Últimamente, se me repite la pesadilla de haber nacido con un cupo finito de palabras, como en la vigilia sucede con mis óvulos. Y Dios sabe que me aterra más la esterilidad de no poder comunicarme, que aquella que llega con la edad.
Mi pensamiento, como el de tantas otras personas, funciona con imágenes: cada concepto, esquema, objeto o sujeto atraviesa un proceso consciente de traducción antes de ser revelado desde mi mundo al de un otro. Es como hablar en una lengua extranjera que sabes que nunca llegarás a dominar. Una conexión intersubjetiva condenada a exhalar emociones sin vida y tonalidades sin materia; una experiencia frustrante, colmada de matices confinados, qué sueño compartir —al menos— con lxs de mi misma condición.
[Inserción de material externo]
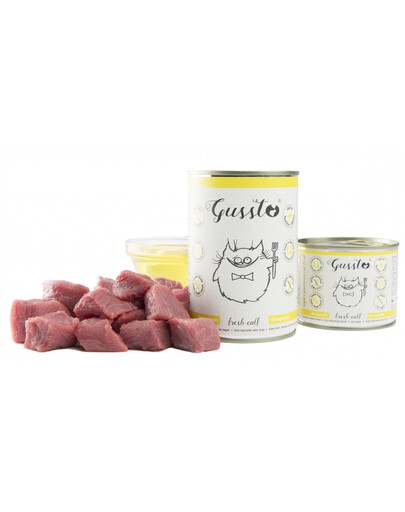 GUSSTO Cat Fresh Calf 400 g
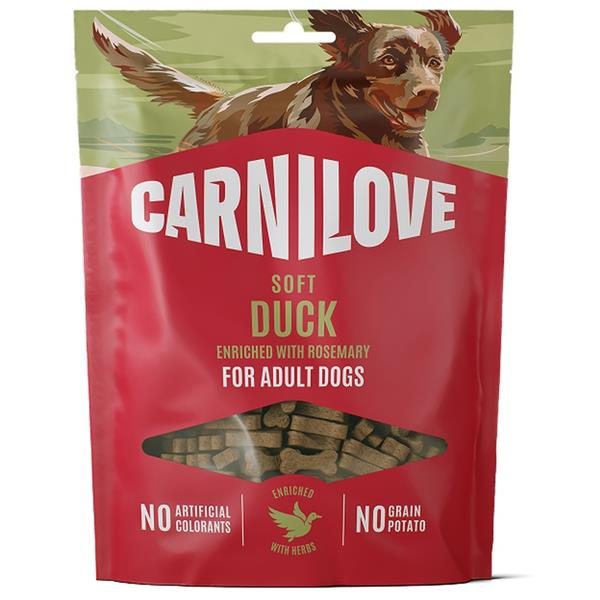 Carnilove Dog Soft Snack Duck+Rosemary  200g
Mentiría si dijese que no estoy cansada de esforzarme por hacerme entender: descifrar, transcribir, adaptar… Adaptar, adaptar, adaptar. Es en los espacios de esta repetición donde nace la cabezonería de seguir volcando en palabras, a contraesencia, este sentir atrapado. Donde nace este grito mudo que lucha por encontrar a lxs que, como yo, buscan tocar la palma de otra mano para irradiar el torrente abstracto que nos une.